The essence of Dr. King's dream was integration - the disappearance
of the wall separating black Americans from white Americans. When
Jesse Jackson announced his commitment to make reparations front
and center of his agenda, he proposed a wall more permanent than
the Ku Klux Klan has ever dared to dream about.
The attack on America may postpone it, but we will presumably have
a debate about "reparations for slavery." It will be irrelevant
for two reasons. First, no intellectually supportable argument exists
in favor of such a claim. Period. More importantly, in the present
political climate, a debate of this kind is lost the moment it is
entered into. America lost this particular debate when it went along
with the extension of the Civil Rights movement beyond the legislative
guarantees for equal opportunity, and a national commitment to goodwill
among men. What then became a Civil Rights establishment depends
for its bread and butter upon generating racial hatred day and night.
The failure of the self-appointed, visible black leadership to
line up with the rest of America in the days immediately following
September 11 stands in stark contrast to the outpouring of patriotic
sentiment by black Americans across the land. But only black Americans
can show them the door.
Broadly speaking, three types of black Americans may be said to
exist today. At the top, there are the Michael Jacksons, Michael
Jordans, Vernon Jordans - stars whose talents have been rewarded
beyond the wildest dreams of anyone descended from the African continent.
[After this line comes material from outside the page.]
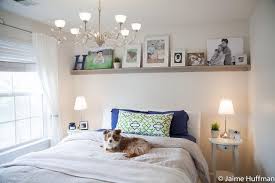 This is my bookshelf over my bed you can even see my little l plushie that i just got.isn't he cute?! Photo Shelf In A Bedroom Ikea Inspiration This Would Look Great In My Guest Room Guest Bedroom Update Simple Bedroom Home Bedroom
The spectacle of them, or Oprah Winfrey, or Bill Cosby, or Johnny
Cochran lining up to take handouts from Detroit car workers and
small Nebraska farmers is too obscene to contemplate.
The second, impressively large, body consists of those who have
found gainful employment across the entire spectrum of human endeavor,
and have built stable and productive lives. Their stories tell about
yet another remarkable achievement of American society. Except for
empty rhetoric, no living soul can relate another example from history
in which descendants of Africa have achieved so much, and in which
the surrounding society aided, abetted, and applauded such achievement.
The respect earned by and accorded to these black Americans would
evaporate the day unearned and unwarranted handouts were being mailed
to them.
The third, alas still rather sizable, group is the one that keeps
the Jesse Jacksons in business. These millions have yet to get in
synch with the mental and physical agility required for successful
existence in a modern, highly industrialized society. Some of our
best minds have been attempting to explain the reasons - to no avail.
Perchance, the answer is not in some novel theory, but in the age-old
wisdom that some things require time, and that a process of development
across several generations is the only way.
But even these millions need motivation, denied to them by a black
leadership that feeds them a different lie every day about the great
achievements of their ancestors, the residual effects of slavery,
"institutional racism," and CIA schemes for their undoing.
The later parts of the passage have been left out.